The prototyping phase takes ideas and makes them visible or tangible. They also allow you to express ideas in creative ways that communicate their purpose and how they work with audiences and stakeholders. This is a way to "show, don't tell" when experimenting with different ideas and possibilities.
Prototyping is an iterative process which lends itself to change, revision, and updates. Therefore, you to learn at each step by talking to the people for whom you are designing.
Iterate Iterate Iterate from IDEO.org. "In an iterative process we gain validation along the way." [1:15 min]
Start low fidelity
In prototyping, you create something that starts to resemble a final version of your idea. Channel your inner kid by using scissors, paper, markers, tape, or any materials you have on hand to imagine your prototype. This can be done by individuals, in pairs, or as a group. It's important that you don't wait too long to show others your work.
Prototyping does not always have to be 3D. Storyboarding is a great way to break down what is happening step-by-step while considering the context, factors involved in each step, and even what emotions are involved. (Google uses it too!)
In addition to building physical prototypes, you may also want to consider how you can use role-playing to communicate your ideas and help set the scene. Don't worry, you don't need to be a professional actor to do this, and it doesn't need to take a lot of time. You're working to communicate an idea. As adults, you may feel a bit silly, but in these workshops, fun and laughter are allowed. Chances are it will help the other participants think differently about an idea, whether it's how a ticketing system will work, or the interactions a customer will have during a shopping experience. Acting things out is another way to uncover factors you may not have considered otherwise.

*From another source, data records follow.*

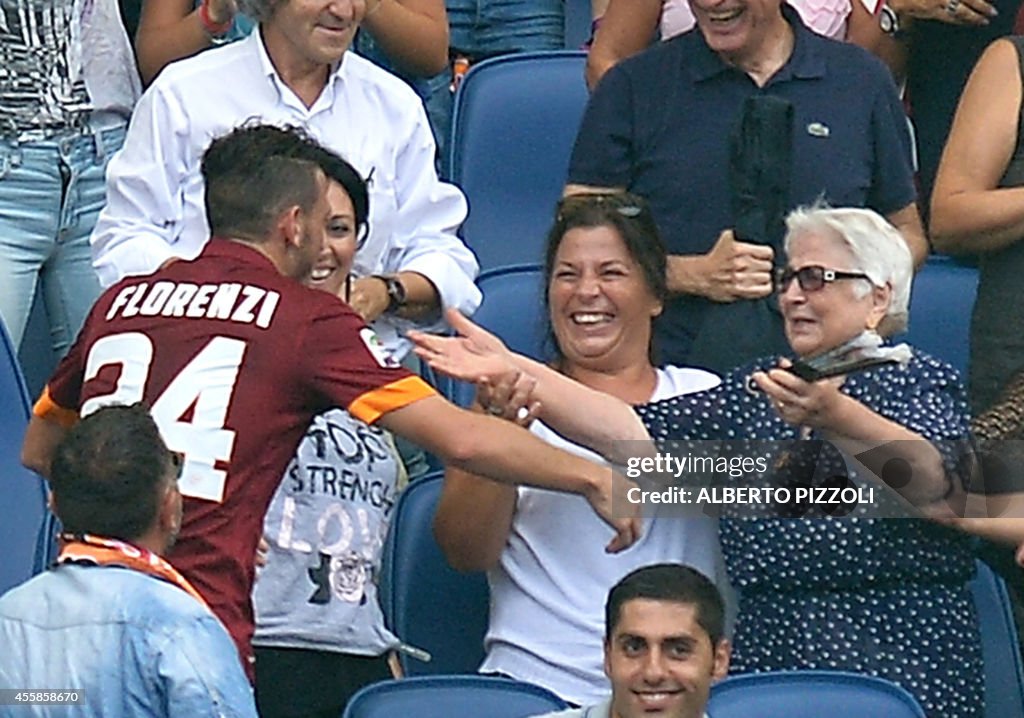 TOPSHOT-FBL-ITA-SERIEA-ROMA-CAGLIARI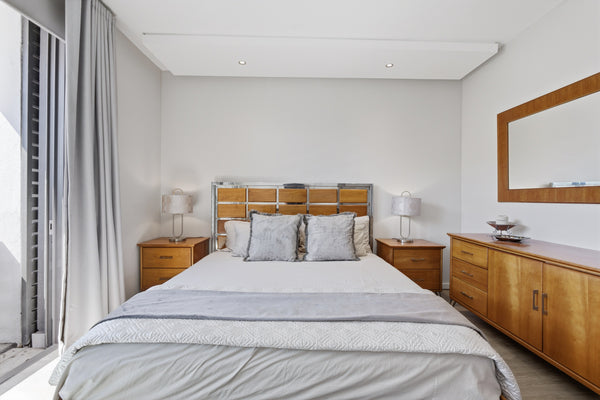 Property 3123457 - Image 15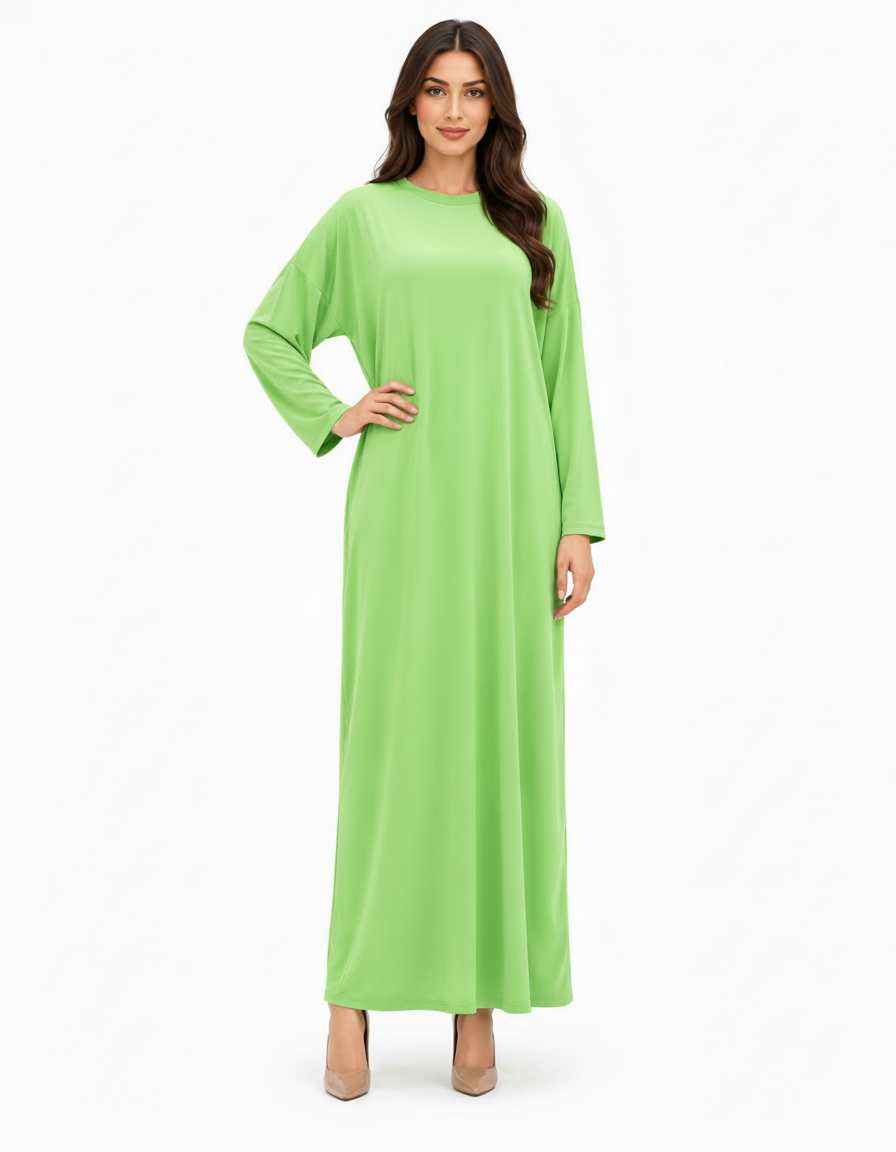 Dress  Elora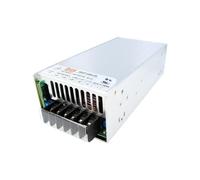 Switching Power Supply for Modular Installation 648W MSP-600-24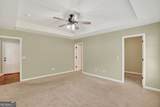 402 Renee Road - Photo 26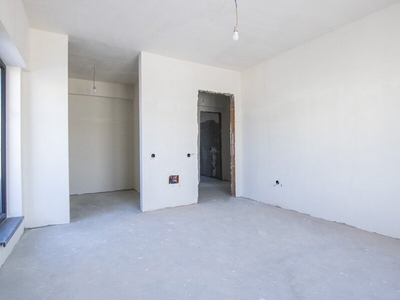 Apartament 4 camere Crangasi 4 cam. 3 bai 2 terase+pod 132 mp etaj 3/3 Va o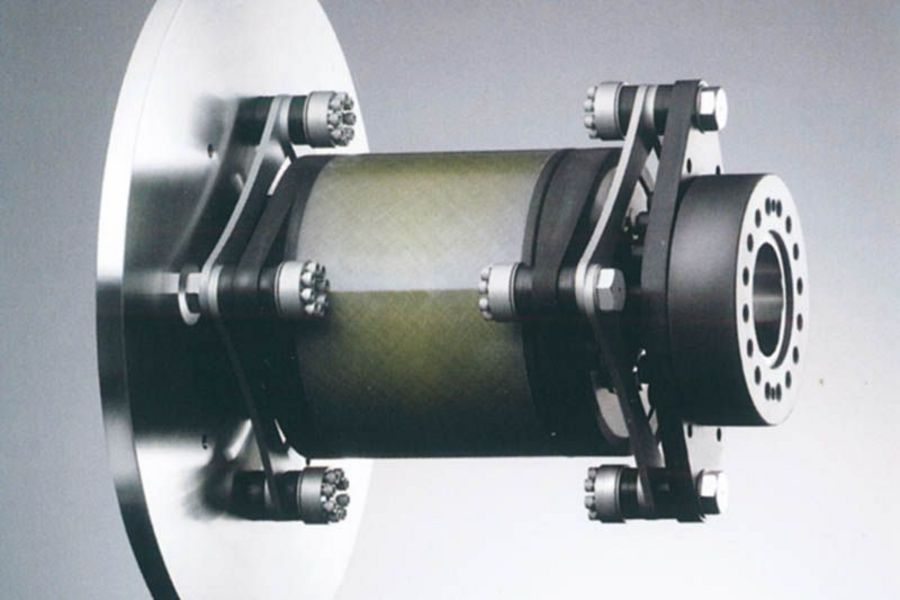 KTR ist ISO 14001 zertifiziert KTR ist ISO 14001 zertifiziert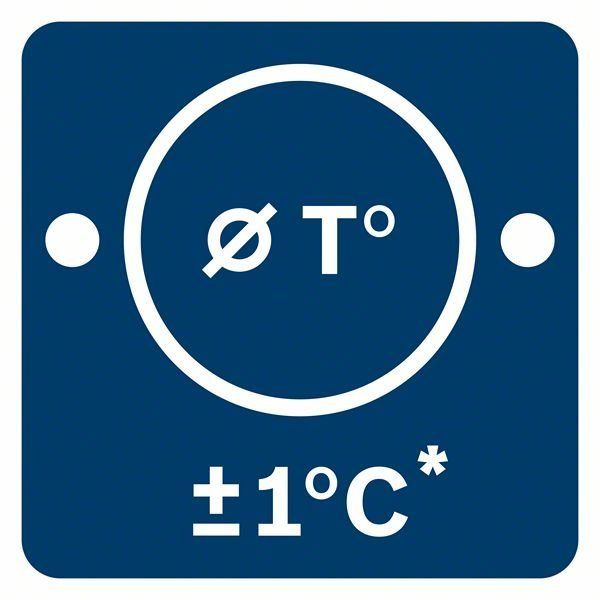 Icon: nextPIM_4EE5FF6DF7D6BD46AB5DF13C732A97DAE3E712388FF4DDE5B565535DC7453593_30239.jpg
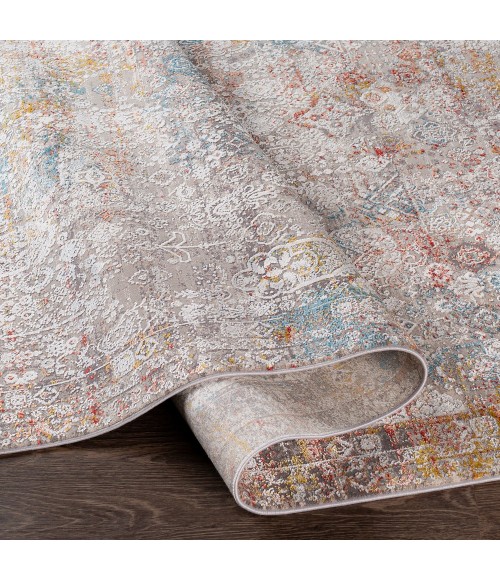 Surya Solar SOR-2316 10  x 14  Rug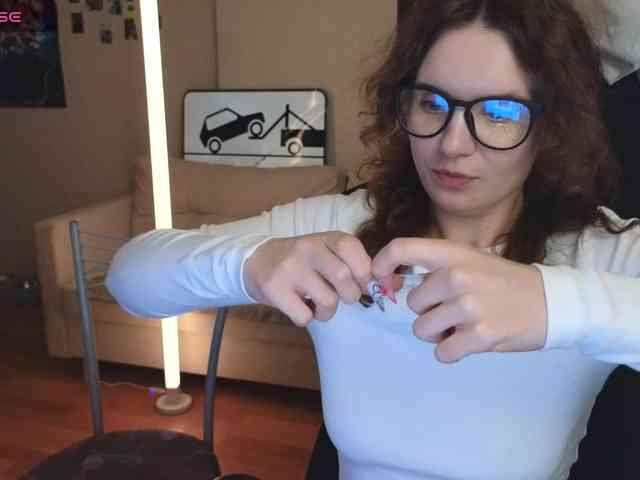 MaoandLulu webcam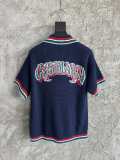 C*ASABLANCA  Top Quality Clothes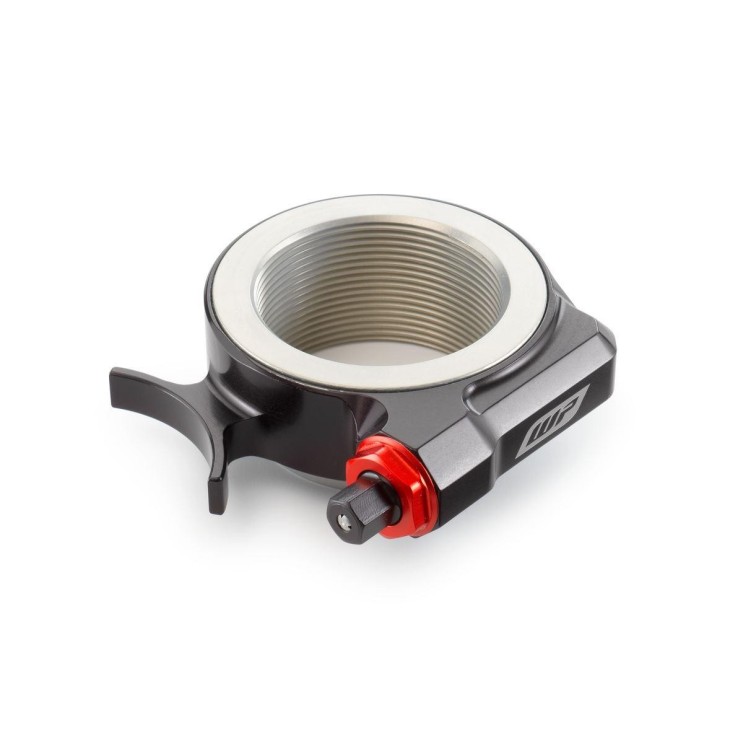 PRELOAD ADJUSTER
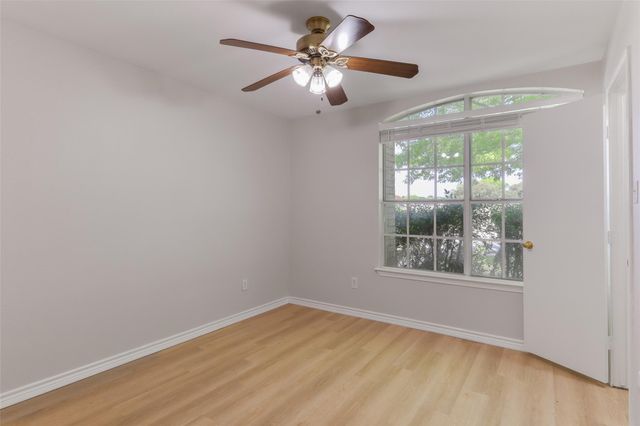 927 Picadilly DR A, Pflugerville, TX 78660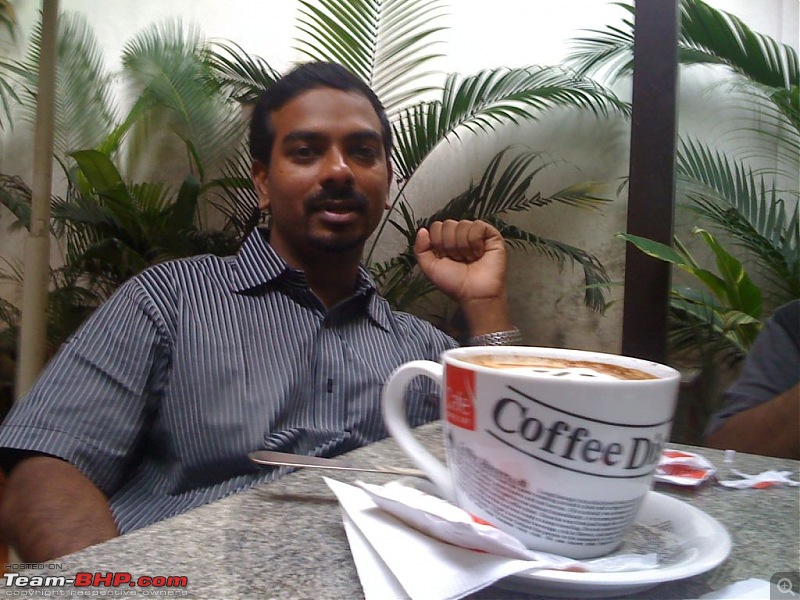 Quick meets in TVM-img_0069.jpg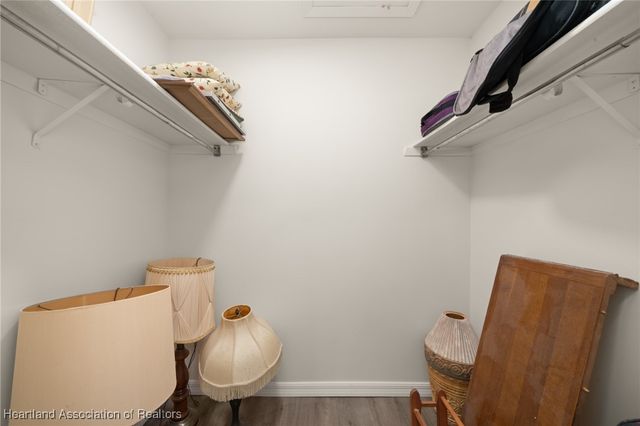 3 A Miracle Avenue D, Avon Park, FL 33825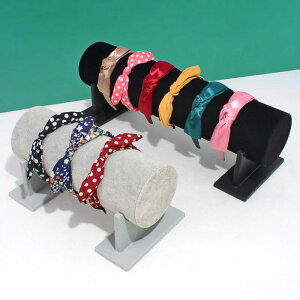 wAANZT[ fBXvCbN wbhoh [ I PVC xxbgn  O[    TCY A[g IXp  X^h 킢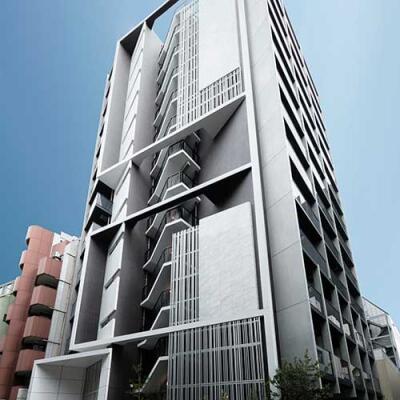 ピアース千代田淡路町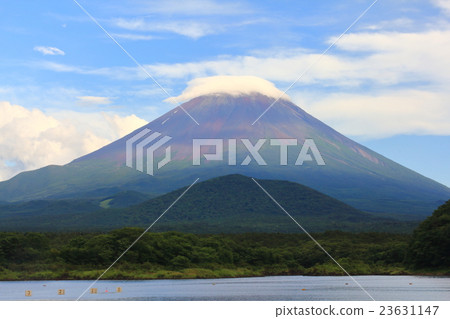 富士山 23631147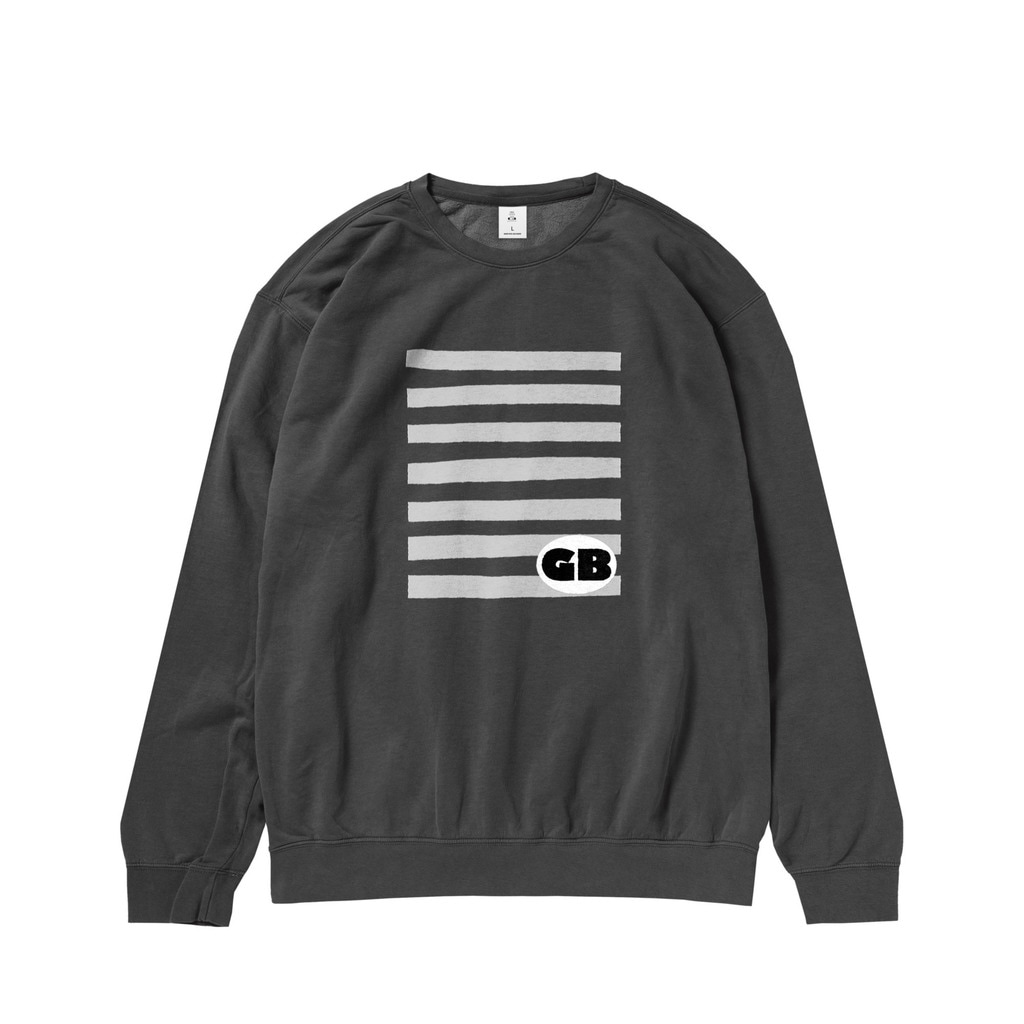 クラシックミニ(MINI)がテーマのデザイン雑貨｜日遊品 トミー1号2号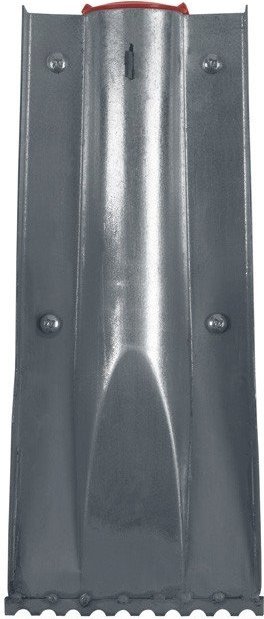 Szpikulec do ziemi dla suszarek Brabantia do modeli Compact i Economic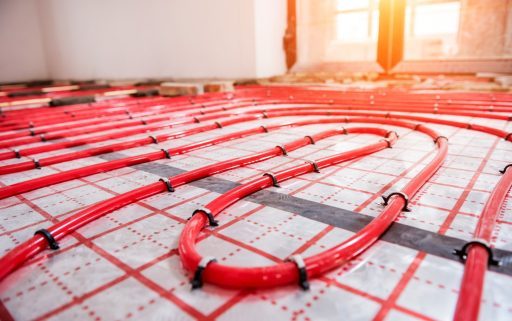 83xvkgpjqwhx2k4gn7mobtvnygdyxgrb-r17mujbr1c70ovfxltglcni8shvzs3k19lhxszinwq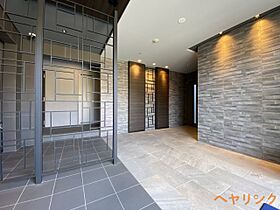 グランメゾン黒川  ｜ 愛知県名古屋市北区浪打町1丁目（賃貸マンション1K・7階・28.86㎡） その18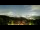 Webcam in Heidelberg, 5.5 mi away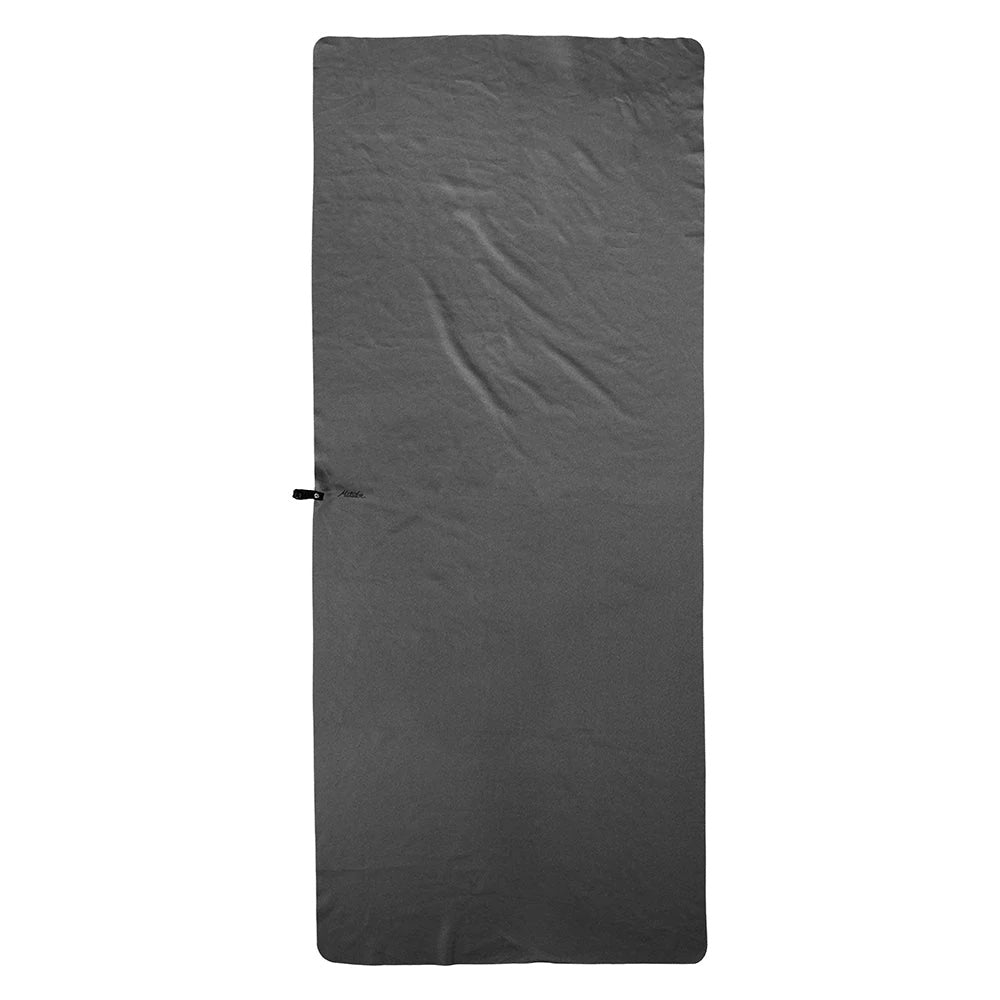 NanoDry Shower Towel v2 (Large)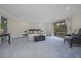29 Culgoa Circuit, O’malley ACT 2606
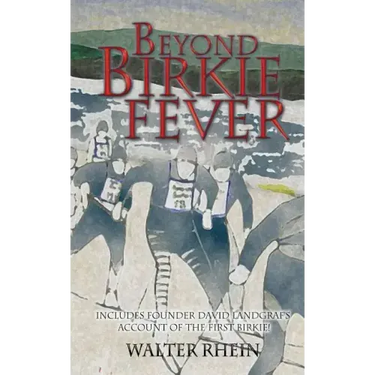 Beyond Birkie Fever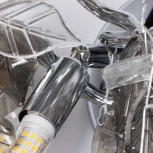 Бра MW-Light Лайма 467024102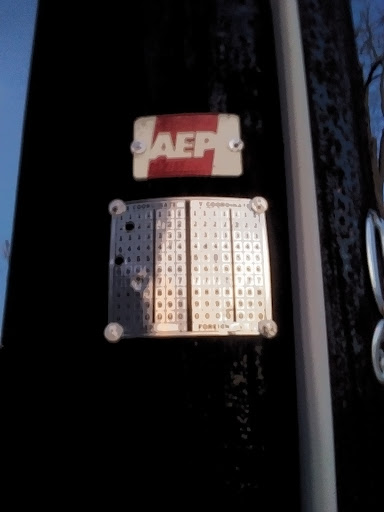 Lottery Retailer «Texas Lottery Commission», reviews and photos, 611 E 6th St, Austin, TX 78701, USA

Depending on how long your workshop is you can work on creating more high fidelity digital prototypes. They should be created quickly. The goal is to communicate big ideas, not design details. Still, no code is needed. You can make prototypes that resemble the final product using tools like Marvel (which was used in the course Create Simple Prototypes with Wireframes), or even Keynote or Powerpoint. Not every function is going to work in prototypes. That is not the goal. You're trying to validate what is or is not working concerning a prototype and learn from it in order to iterate and make improvements for the next one.
Prototyping during GV-style "sprints" involves creating prototypes that may resemble the final product.
Thursday (day 4) is devoted to prototyping in Sprints. Once the prototypes are built, they should be tested with users. [2:22 min]
Test your prototypes
Prototypes are designed to be early representations of ideas. Still, they're a valuable tool for getting quick feedback on an idea or concept before investing a lot of time or money. A test in a workshop can be as simple as turning to your neighbor, presenting your work, and getting their feedback. Or, you could pass your prototype to others and ask them to try to explain what it's for or what it does based on what they see. In guerrilla testing, you can head to a coffee shop or find someone in the setting relevant to your audience.
When GV hosts their 5-day sprints, the last day is reserved for testing on actual users. It takes some planning. GV shares customer testing resources (scroll down page). One tool they use is a "screener" to make sure the person they're talking to would actually be part of the target user base for the product you're designing to avoid wasting anyone's time. On the final day of the workshop they're showing their prototypes they've created during the workshop to potential users.
GV presents their five-act interview process for getting feedback during sprints. [7:47 min]
Don't forget to get feedback early and often!
Prototyping involves taking an idea or concept and considering how you can create a low-budget, low fidelity version of it to help communicate your ideas or thought process.
Prototyping is an iterative process. Don't expect what you create to be perfect on the first try. Instead, focus on improvement each step of the way.
Testing your ideas (ideally on actual users) is the best way to get feedback so you can revise your prototype (or know to start over).